Hacia el secuestro de internet

Los internautas han reaccionado a tiempo y han hecho dar un paso atrás a los políticos. Pero como muchos de sus pasos atrás, será sólo para volver a intentar que la red, como ya pasó con el espacio radioeléctrico, se convierta en el cortijo de unos pocos.

Internet es uno de los mecanismos que más ha abaratado a lo largo de la historia la transmisión de información; esa mercancía tan costosa durante tanto tiempo que hoy resulta accesible y casi gratuita para todo el mundo.

Tal revolución en las comunicaciones, que adquiere su verdadera dimensión cuando la ponemos en perspectiva histórica, supone sin duda alguna una oportunidad muy clara no sólo para enriquecernos, sino también para divertirnos, cultivarnos, relacionarnos y defender nuestras libertades. Gracias a internet, nunca ha sido tan sencillo que personas con motivaciones comunes aúnen esfuerzos en un mismo proyecto (incluyendo los de tipo ideológico); nunca ha sido tan fácil que todo ciudadano que así lo desee pueda convertirse en un periodista que investigue y denuncie los abusos del poder político.
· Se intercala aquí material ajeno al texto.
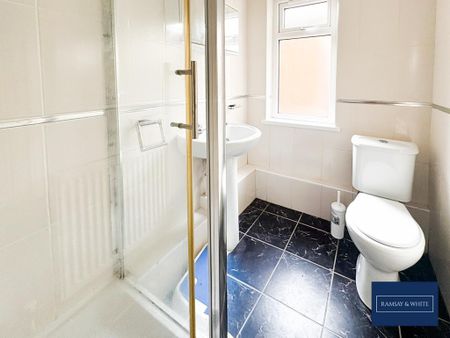 2 bedroom flat to rent - Photo 5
De ahí que los gobernantes siempre hayan observado la red con un cierto recelo. Demasiados ojos y demasiadas voces vigilando y criticando un mundo –el político– tradicionalmente caracterizado por la opacidad y las intrigas. A un mandatario le puede ser relativamente fácil controlar a los grandes grupos de comunicación, que en buena medida dependen de las licencias y de los favoreces que se les conceda desde el Estado, pero sin duda le resulta prácticamente imposible someter a millones de ciudadanos que, de motu proprio, bregan por promocionar sus propias ideas, inquietudes y hallazgos.
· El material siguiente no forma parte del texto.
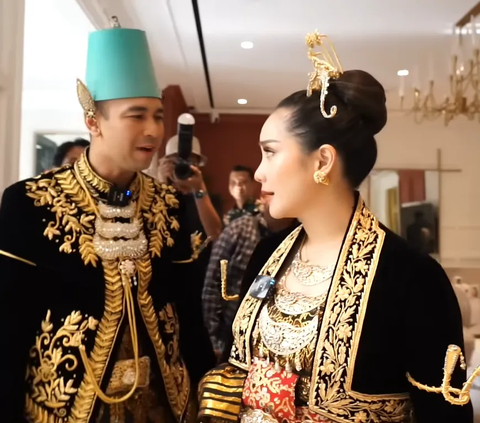 Momen Raffi Ahmad dan Nagita Mengenakan Baju Pengantin 'Sayang Kita Menikah Lagi'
He ahí toda la explicación que requiere ese movimiento gubernamental, cada vez más extendido por Europa y que ha terminado por prender en España, que con la excusa de proteger la propiedad intelectual otorga a la Administración la potestad para cerrar páginas web.

Una práctica que no por saberse inconstitucional –el art. 20.5 reza claramente que "Solo podrá acordarse el secuestro de publicaciones, grabaciones y otros medios de información en virtud de resolución judicial"– y no por ser conscientes de que atenta contra algunos de los derechos humanos más fundamentales, hará cambiar de idea a los gobiernos sobre la necesidad de regular y poner coto esa gran amenaza para su poder omnímodo llamada internet.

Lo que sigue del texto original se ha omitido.